Performing/Presenting/Producing
  • Analyze, interpret, and select artistic work for presentation

    Students choose a dance to perform and explain why it suits the audience or occasion. They think through what the movement communicates before they step on the stage.

  • Develop and refine artistic techniques and work for presentation

    Students practice and improve a dance piece until it is ready to share with an audience. They work on technique, timing, and how the piece looks and feels as a whole.

  • Convey meaning through the presentation of artistic work

    Students perform a dance with a clear purpose in mind, making deliberate choices about movement so the audience understands what the piece is meant to express.

Responding
  • Perceive and analyze artistic work

    Students watch a dance and describe what they notice: how the dancer moves, where they travel, and how the rhythm shapes the whole piece.

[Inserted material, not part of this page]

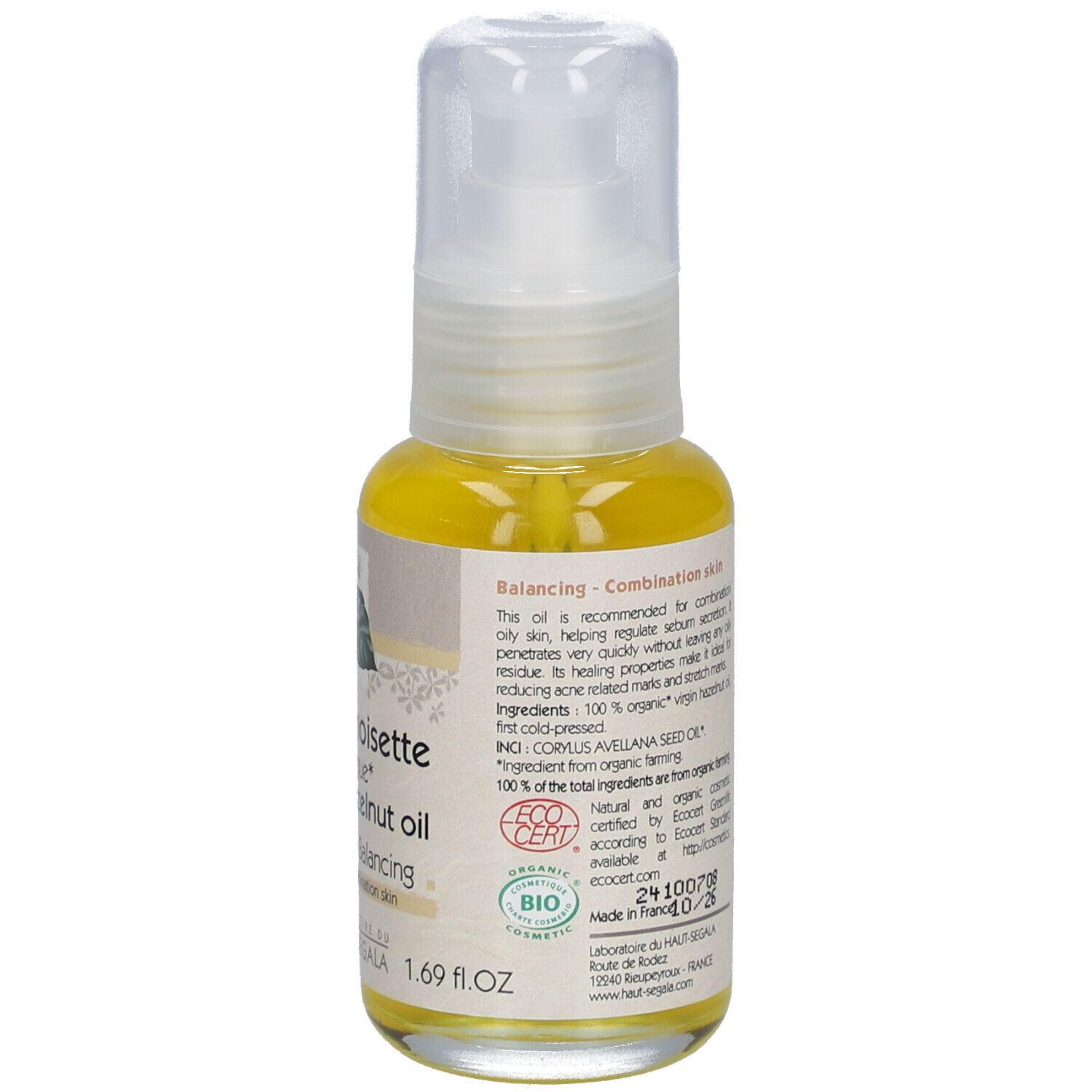 Dos du flacon d'huile. Texte: Huile de noisette biologique, 50 ml. Avec logo ECO CERT.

  • Interpret intent and meaning in artistic work

    Students explain what a dance is trying to express, using specific movements and choices in the choreography as evidence for their interpretation.

  • Apply criteria to evaluate artistic work

    Students use a set of criteria, like technique, expression, or use of space, to judge a dance performance and explain what makes it effective or where it falls short.

Common Questions
  • What does dance look like for students this year?

    Students move beyond copying steps and start making their own short dances. They build movement from ideas, stories, or pictures, practice with a partner or small group, and perform pieces they have shaped themselves. Watching dance and talking about what it means is just as important as performing.

  • How can families support dance at home?

    Clear a small space and let students show a movement they have been working on. Ask what the dance is about and where the idea came from. Watching short dance clips together, from ballet to hip hop to folk dance, also counts and gives students new ideas to pull from.

  • How should the year be sequenced?

    Start with exploring movement and generating ideas, then move into shaping and refining short pieces, and end with sharing finished work. Responding skills, like watching a dance and describing what it shows, can run alongside all year. Save formal performance work for later in the year when students have material worth presenting.

  • Does a student need to be a strong dancer to do well?

    No. The year focuses on making movement choices, sharing ideas, and revising work, not on natural talent. Students who think carefully about what their dance means and who keep refining it tend to grow the most.

  • Which skills usually need the most reteaching?

    Refining work is the hardest part. Students often want to stop once a piece is finished and resist going back to clean up shapes, timing, or transitions. Giving specific feedback and modeling small revisions helps more than asking for a full redo.

  • How does dance connect to history and culture this year?

    Students look at where dances come from and what they meant to the people who made them. A short unit on a cultural or historical dance form gives them a richer pool of ideas to draw on when making their own work. Plain conversations about context matter more than memorizing facts.

  • What can a parent do if dance feels silly or embarrassing at home?

    That reaction is normal at this age. Watch a short performance together instead of asking for one, and talk about what the dancers were trying to show. Low pressure viewing builds confidence and gives students language to describe their own work later.

  • How do teachers know students are ready for middle school dance?

    Ready students can come up with a movement idea, shape it into a short piece with a clear beginning and end, perform it with focus, and talk about another dancer's work using specific words. Strength and flexibility matter less than being able to plan, revise, and explain choices.